■ What you have to do ■
With all pictures omitted, return verbatim the lines from the beginning of the records below through the line containing "Слика на плочки".

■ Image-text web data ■
□ □ □ □ □
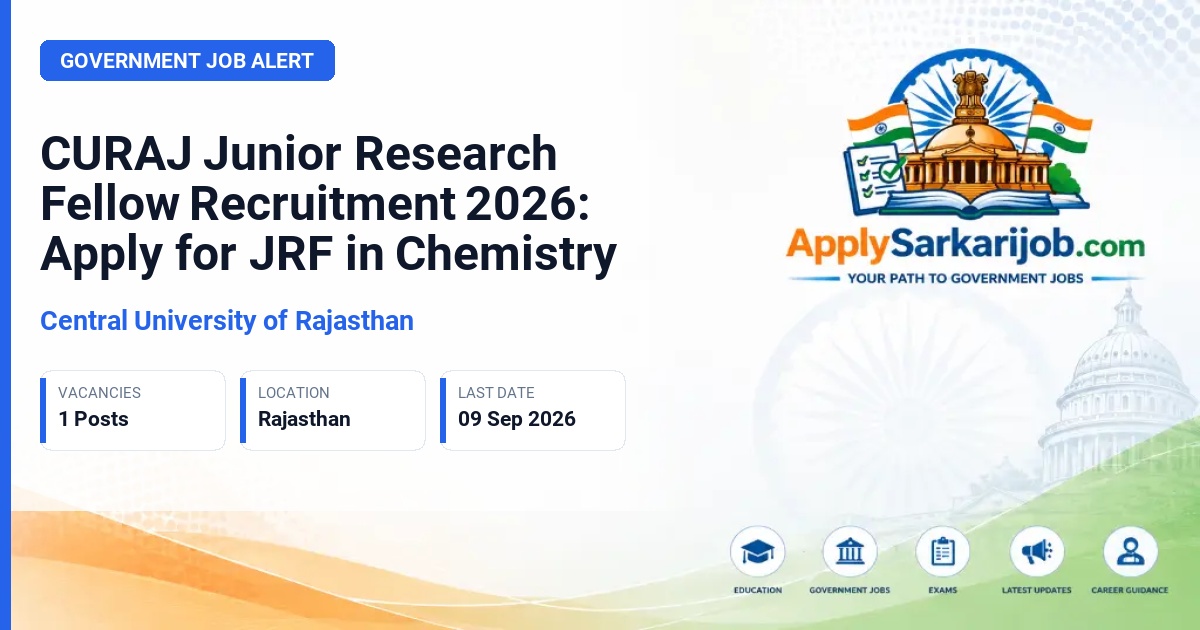 Central University of Rajasthan - Junior Research Fellow Official Notification Poster & Schedule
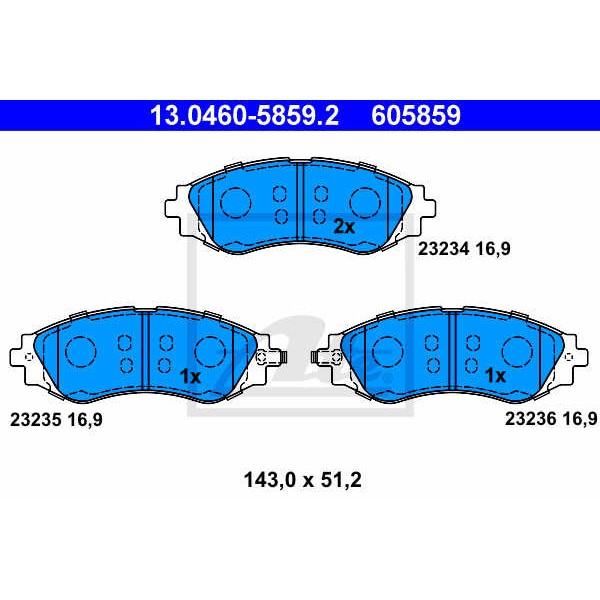 Слика на плочки ATE 13.0460-5859.2 за Daewoo Rezzo 1.6 SX - 90 коњи бензин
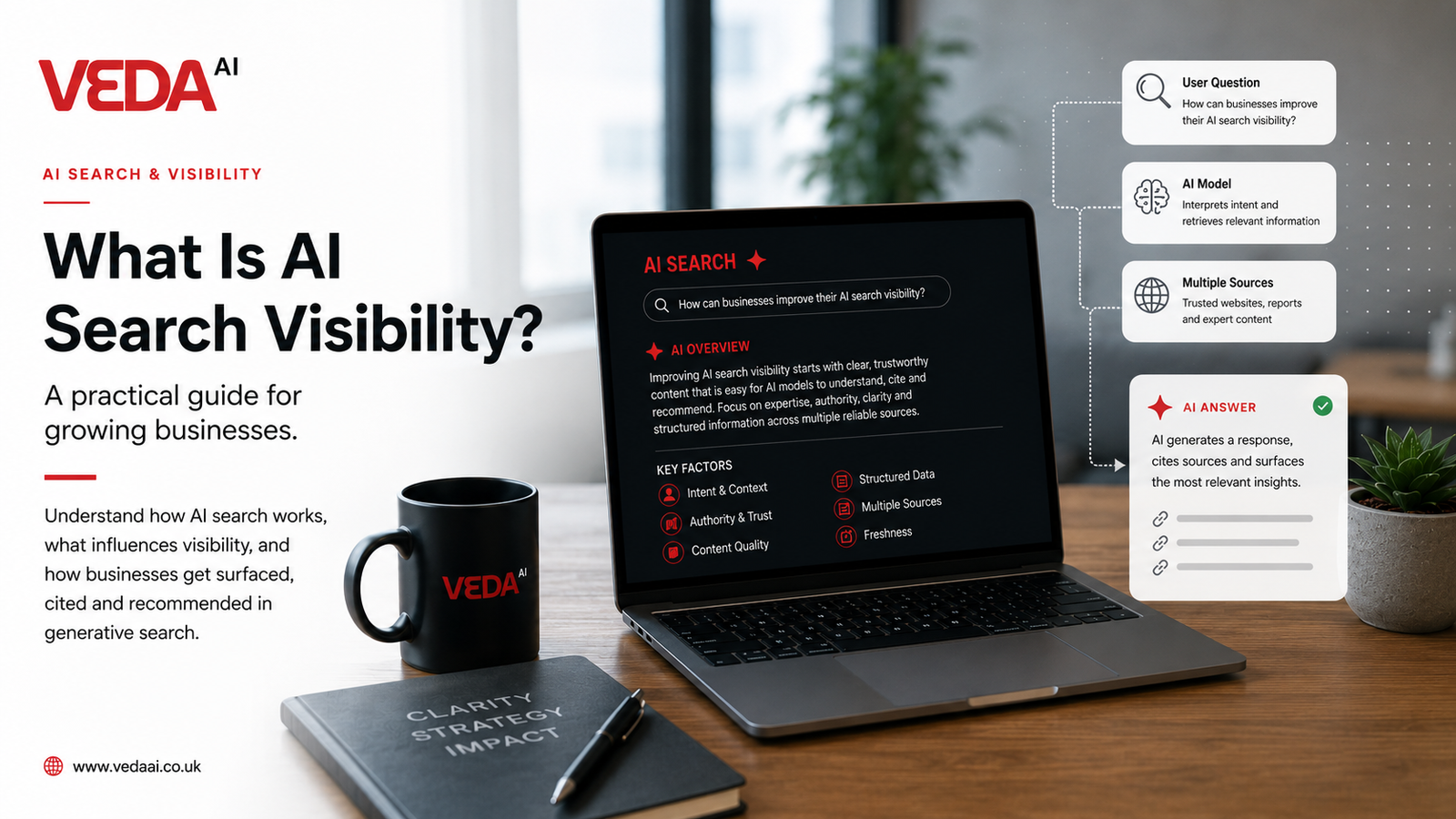Veda AI guide card showing a buyer question passing through an AI model and multiple trusted sources to produce a cited AI answer.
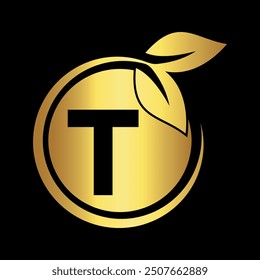 Initial nature Logo combine with letter T vector template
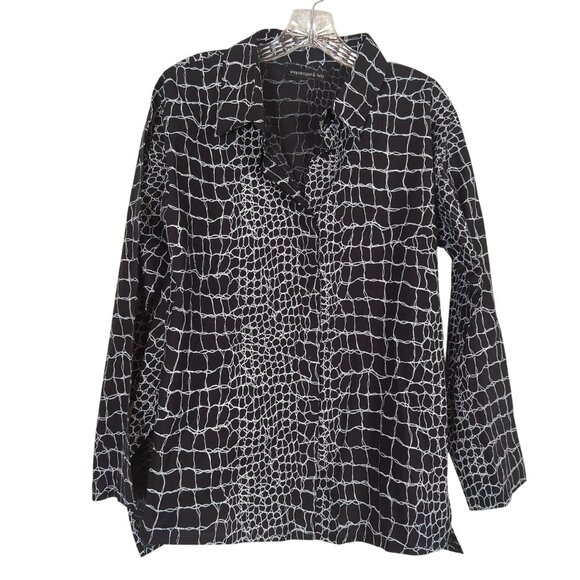 Snapdragon & Twig long sleeve black white‎ button front Women's Blouse size S - Picture 13 of 16
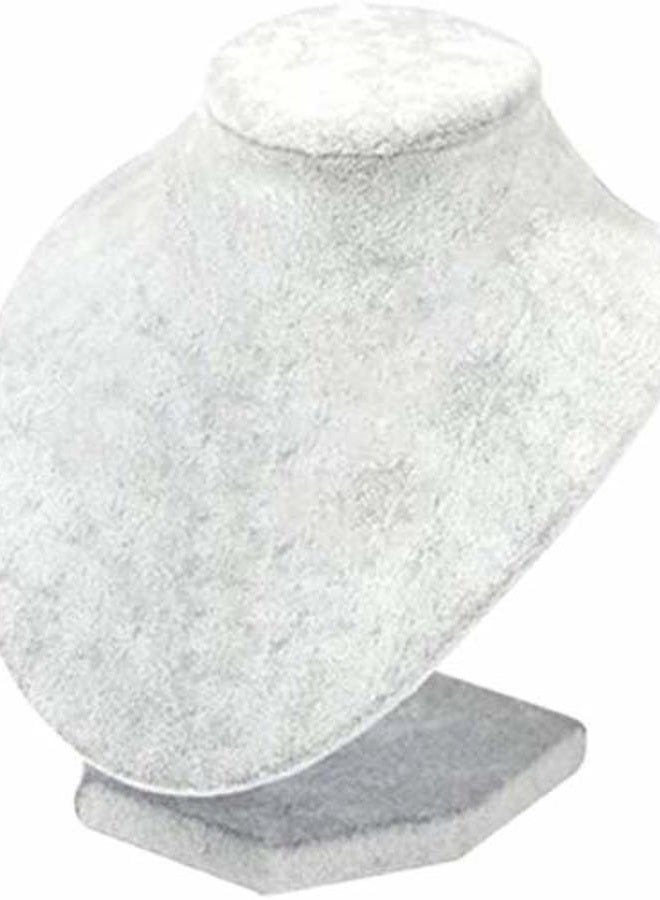 FRECI Necklace Display Stand Wooden Velvet Necklace Display Bust Stand Mannequin - Jewelry Holder for Necklaces Chain, Choker, Pendant - 20x20x17cm - Image 1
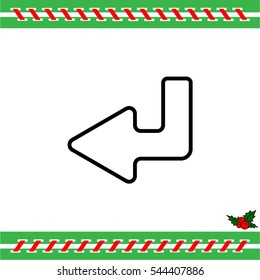 Web line icon. Arrow down -  left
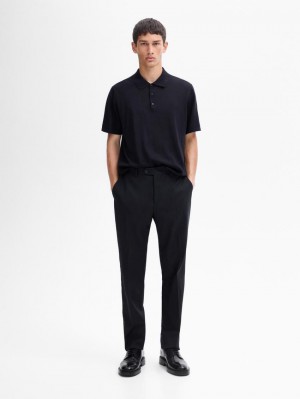 Massimo Dutti Short Sleeve Wool Blend Sweater Men Polo Shirt Navy | US-JC9024567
□ □ □ □ □
■ Output for this exercise ■
 Central University of Rajasthan - Junior Research Fellow Official Notification Poster & Schedule
 Слика на плочки ATE 13.0460-5859.2 за Daewoo Rezzo 1.6 SX - 90 коњи бензин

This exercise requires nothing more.